Mungkin bagian paling sulit dari pemrograman adalah desain. Anda bisa saja tidak tahu fitur atau sintaks dari suatu bahasa pemrograman, tapi itu selalu bisa dipelajari atau dilihat ke buku referensi. Tapi, desain?

Bagaimana membuat sebuah desain yang bagus? Mungkin di sinilah pemrograman bertemu dengan seni. Tentu saja ada benarnya dan ada salahnya. Yang pasti, meskipun ada buku yang membahasa cara untuk melakukan desain dalam pemrograman, ini seperti suatu resep umum yang biasanya jarang bisa diterapkan seratus persen dalam kasus nyata.

Pada akhirnya, setiap orang akan belajar desain yang efektif lewat jam terbang. Itulah mengapa seorang programmer tak mungkin melewati sebuah jalan pintas. Tebing yang curam itu adalah syarat perlu untuk menjadi seorang master. Ingat, syarat perlu, bukan syarat cukup.

CHM Page Cannot Be Displayed

Baru saja buka file .chm dan yang ada hanya pesan “The Page Can not Be Displayed”. Setelah Googling ternyata masalahnya ada di path letak file tersebut: jangan ada karakter “aneh”, untuk kasus saya, ada karakter #. Setelah karakter itu dihapus, file chm bisa dibuka seperti biasa (Meskipun kadung menghapus satu file karena kirain filenya emang corrupt).

Akhirnya Install Linux Juga

Akhirnya ada waktu luang juga untuk menginstall Linux. Ubuntu 8.04 (Hardy Heron) terpasang di hard disk yang sama dengan Windows XP. Banyak yang mesti didownload untuk melengkapi, seperti Wine, Virtual Box dan nVidia driver walaupun ternyata semuanya telah tesedia di DVD bawaan Info Linux yang pernah dibeli. Habis deh quota Speedy ku :).

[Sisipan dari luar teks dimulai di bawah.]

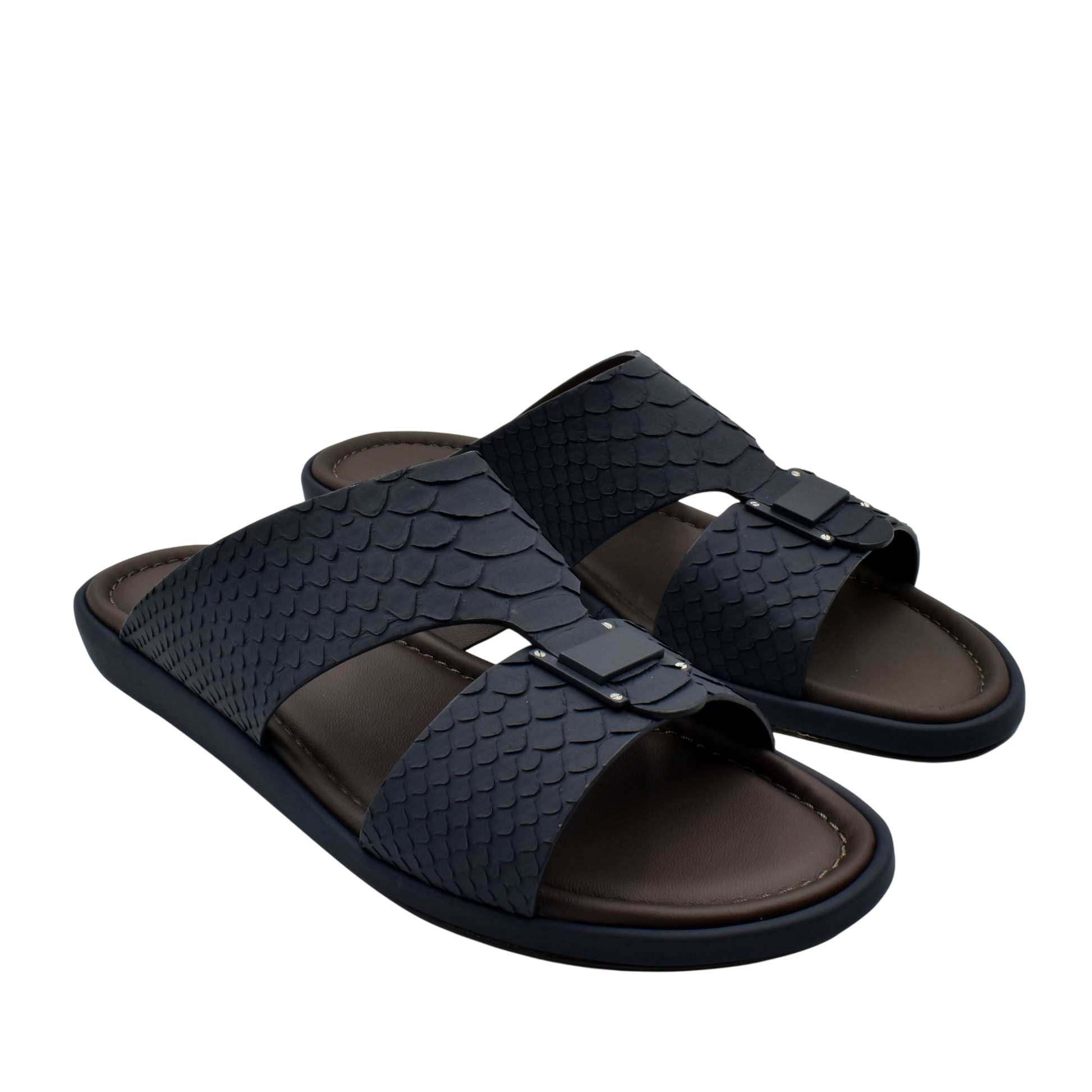 Black python skin footwear slides with textured straps and comfortable brown footbed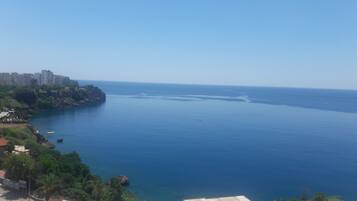A coastal view with a clear sky, a calm sea, and a rocky coastline with buildings.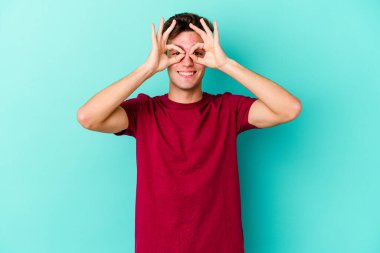 Mavi arka planda izole edilmiş genç beyaz adam gözlerinde sorun olmadığını gösteriyor.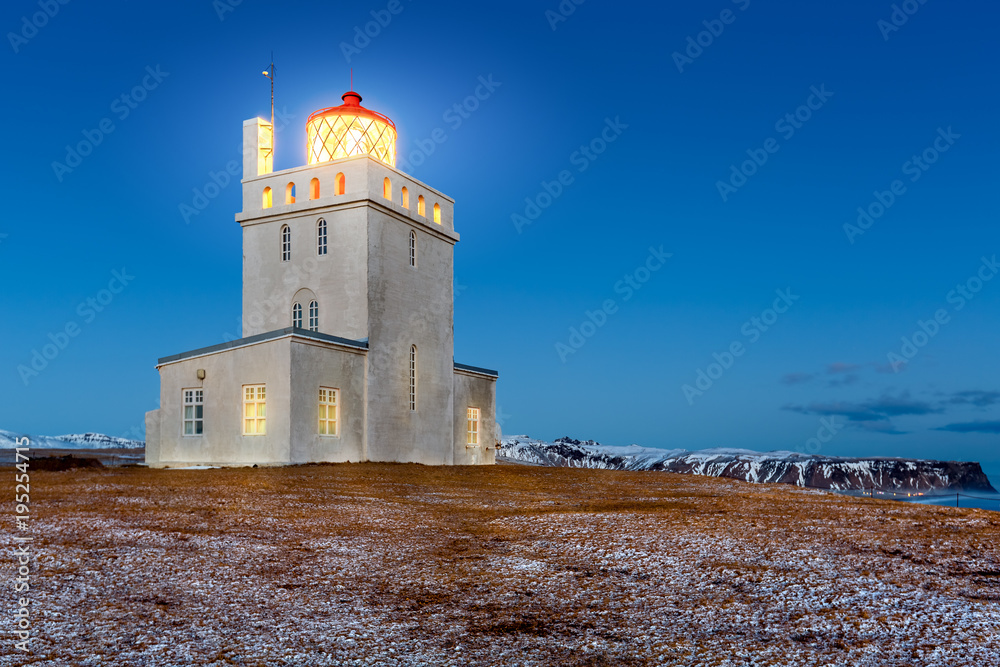 Dyrholaey lighthouse at dusk. The light station at Dyrholaey was established in 1910, near the village Vik, on the southern tip of Iceland.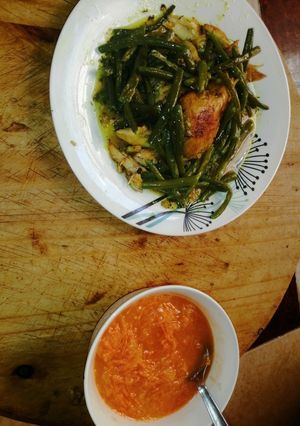 A picture of Chicken Breast with Beans and Carrot, Cucumber, and Orange Salad.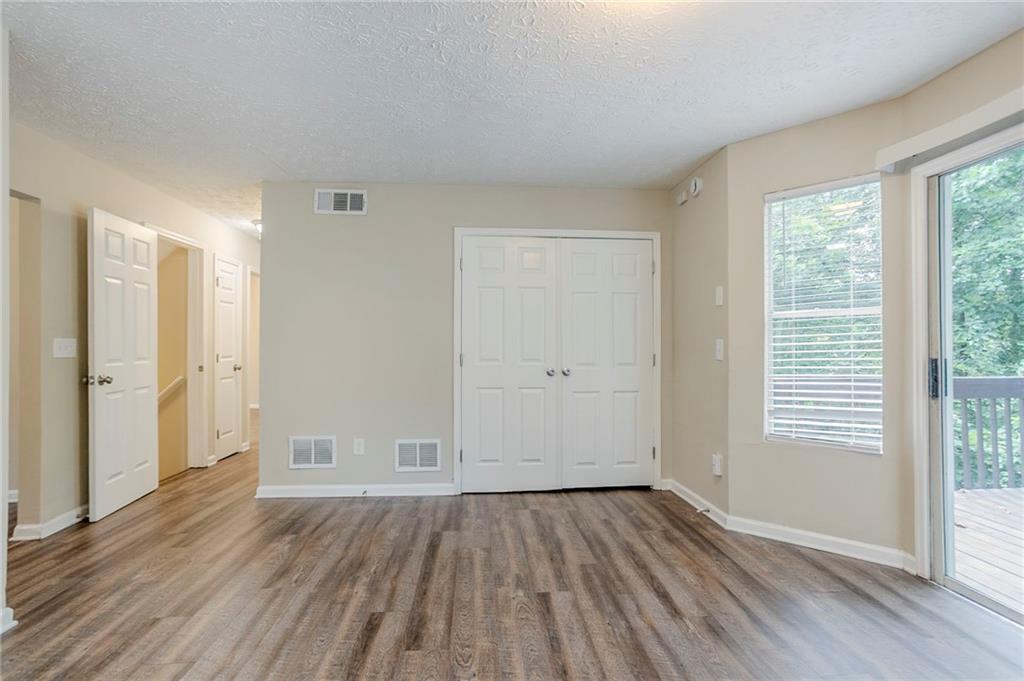 3822 Conley Downs Lane Decatur, GA 30034 - Photo 14 of 46 an empty room with wooden floor and windows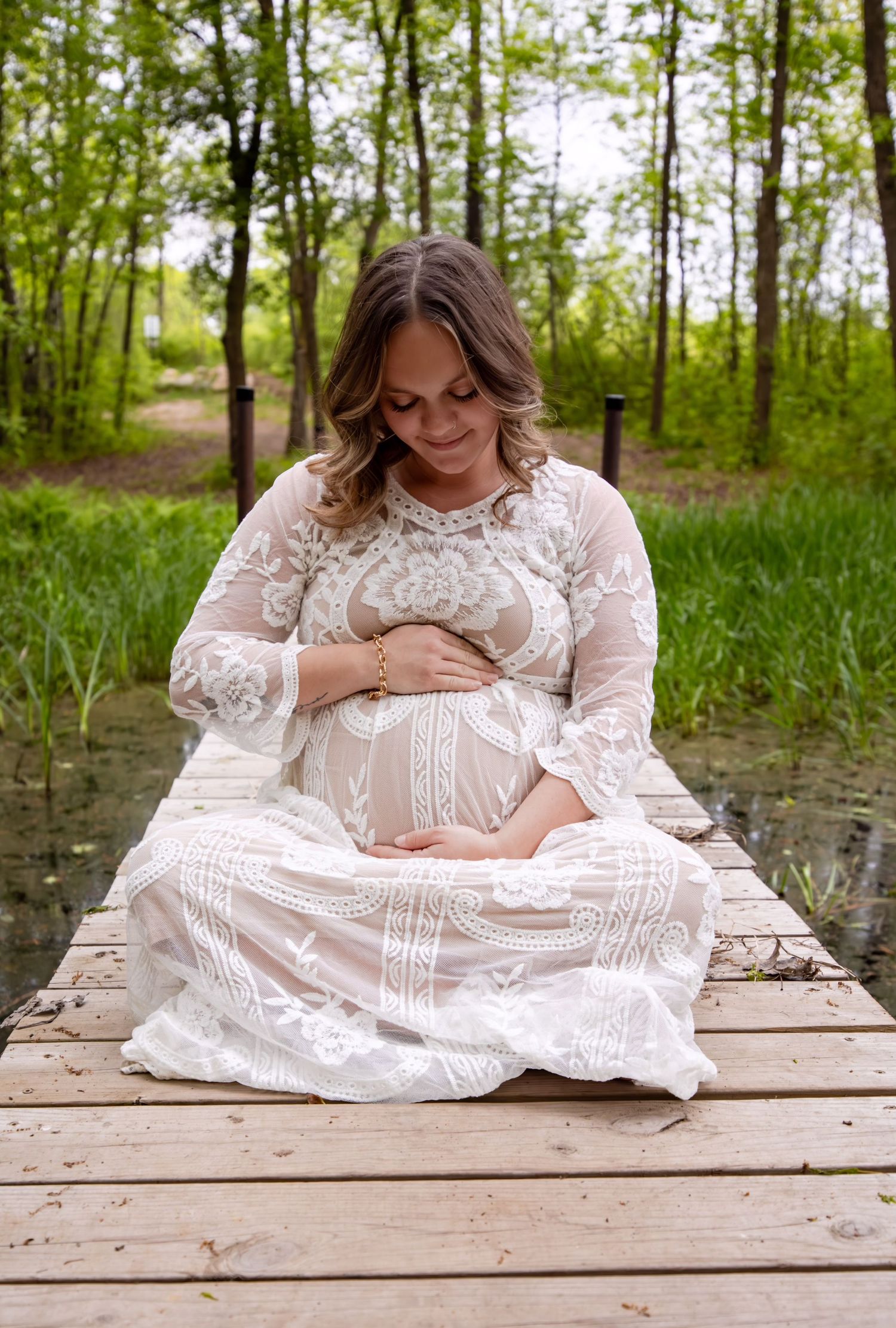 A pregnant woman in a white lace dress sits on a wooden dock surrounded by green trees.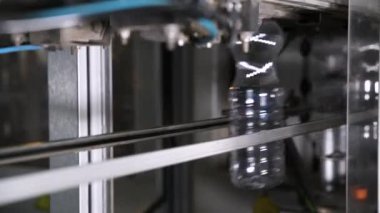  Plastik şişe üretimi. PET şişesi ya da plastik şişe üfleme makinesi. Boru hattından geçen plastik konteynırlar.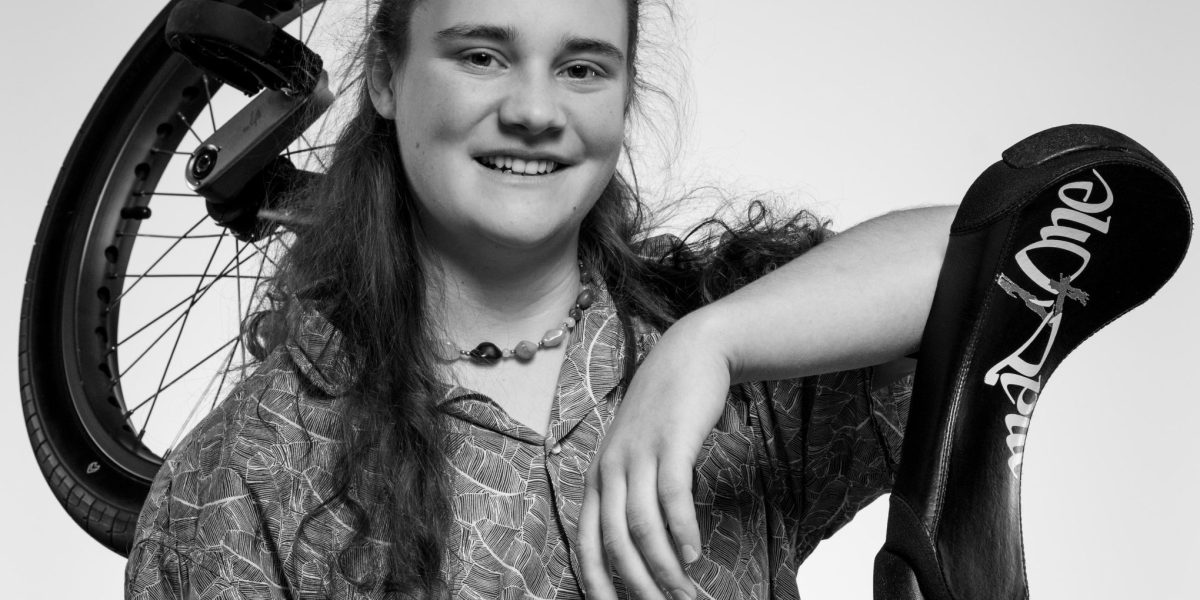 Une personne souriante aux cheveux longs, Zora Eichenberger, porte une chemise à motifs et pose avec un monocycle sur une épaule et une chaussure plate portant l'inscription Emily Wake suspendue à son bras. L'image est en noir et blanc.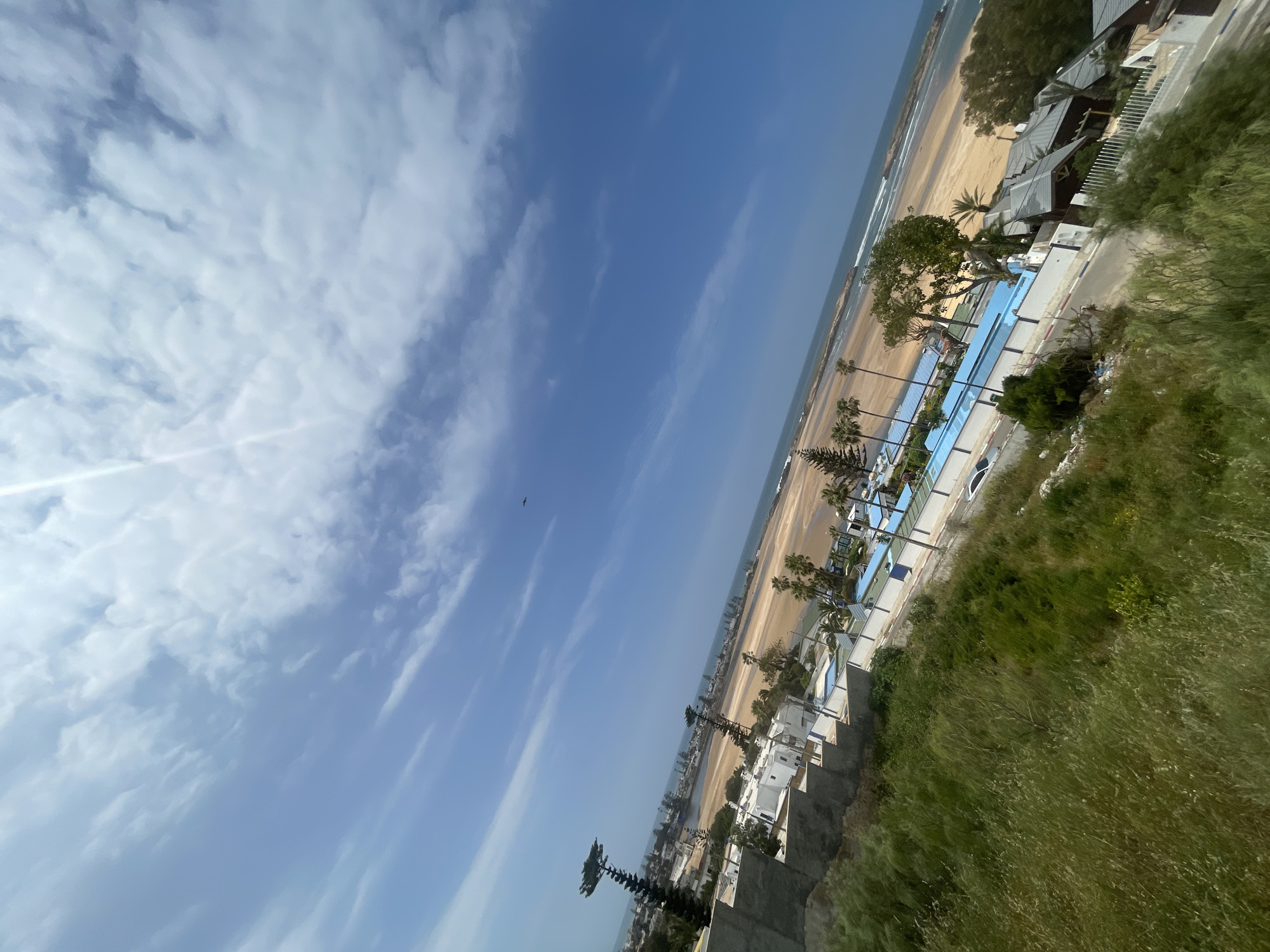 The image captures a vibrant coastal landscape in Oualidia, Morocco, seen from an elevated perspective under a clear, sunny sky. The original image is tilted, presenting the horizon diagonally; when properly oriented, the scene unfolds from a high viewpoint looking down towards the ocean.
The upper portion of the frame is dominated by a bright blue sky, adorned with scattered white clouds ranging from wispy cirrus to more textured, patchy formations. A bright sun flare is visible in the upper left quadrant.
Below the sky, the vast expanse of the Atlantic Ocean meets a wide, sandy beach. Gentle waves can be seen breaking on the shore, and the sand appears light brown. Along the coastline, a series of white-walled buildings with dark sloped roofs are nestled, possibly indicating hotels or residences. Adjacent to some of these structures, a long, bright blue swimming pool is prominently visible, running parallel to the beach.
Numerous palm trees and other green trees are interspersed among the buildings and along the beach, adding to the lush coastal feel. A paved road or pathway winds through the developed area, and a white car is partially visible on it. In the foreground, particularly on the right side, a wild, overgrown hillside covered in vibrant green grass and shrubs provides a natural contrast to the built environment. A small, dark bird is captured in flight against the blue sky, adding a subtle touch of life to the expansive view.
The scene depicts a peaceful and bright day, likely morning or early afternoon, with no specific human activity clearly discernible beyond the presence of the coastal development. No visible text is present in the image.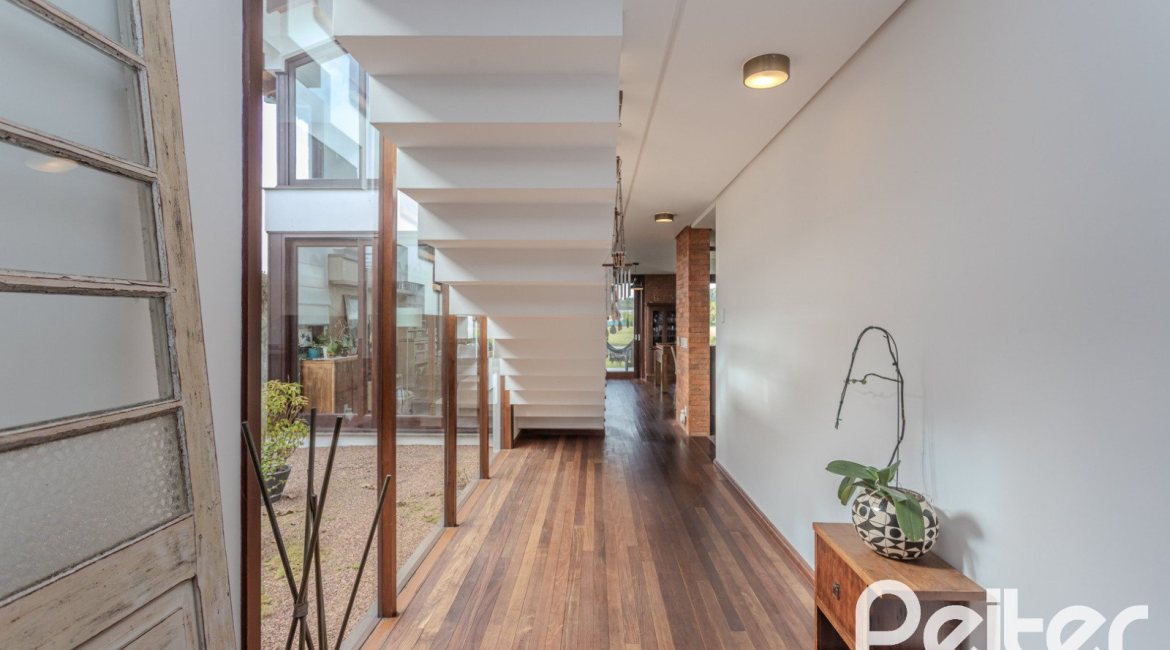 Casa em Condomínio à venda com 336m², 4 dormitórios, 4 suítes, 4 vagas, no bairro Terra Ville em PORTO ALEGRE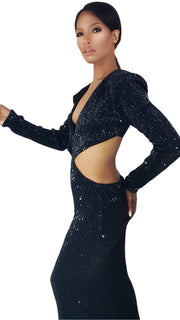 A woman in a Nik Spruill Aja Sequined Cut Out Dress - Black posing for a picture.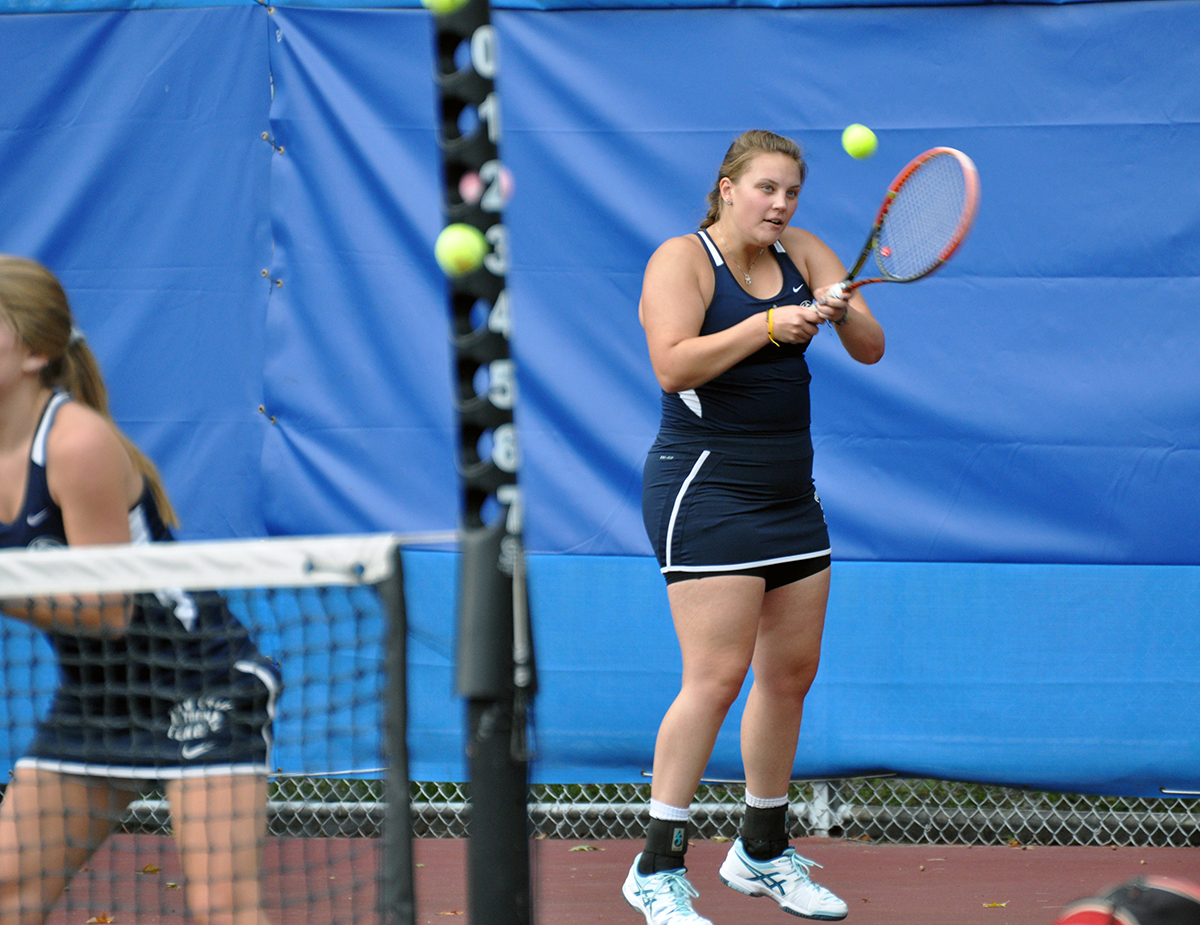 Photo: Penn State Altoona sophomore Brayley Lewis hits a backhand during her doubles match on Friday against Penn State Behrend at Mansion Park.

Anyway, Linux ternyata not bad. Tidak susah hanya belum terbiasa. Sebelumnya di kantor coba install Ubuntu 7.10 di Virtual Box dan karena memori yang kurang, main uninstall banyak paket yang tidak perlu. Tahunya tiba-tiba desktopnya gak jalan dan akhirnya harus main-main di text-based. Tapi tak apa karena asyiknya Linux di sana. 🙂

Salah satu yang mungkin agak merisaukan ketika bekerja di Linux namun tetap harus berhubungan dengan desktop Windows adalah masalah font. Di Linux tak ada Times New Roman, Arial dan font-font lain yang biasa kita jumpai di Windows. Saya gak tau apakah ini adalah sebuah masalah besar. Apakah semua yang kita ketik di OpenOffice dengan font yang tidak ada di Windows akan membuat tulisan kita jadi missing-font? Iya kali ya 🙂

Tapi Blender manis sekali dalam fullscreen mode. Mungkin sugesti tapi rasanya lebih mantap pake Blender di Linux daripada di Windows. Mungkin karena setiap kali jalanin Blender di Windows, harus selalu muncul layar console sehingga perasaan Blender bukan aplikasi yang mantap nanceb di Windows. Di Linux, Blender memang merasa seperti di rumah sendiri.

Overall, Linux memang hebat. Two Thumns Up.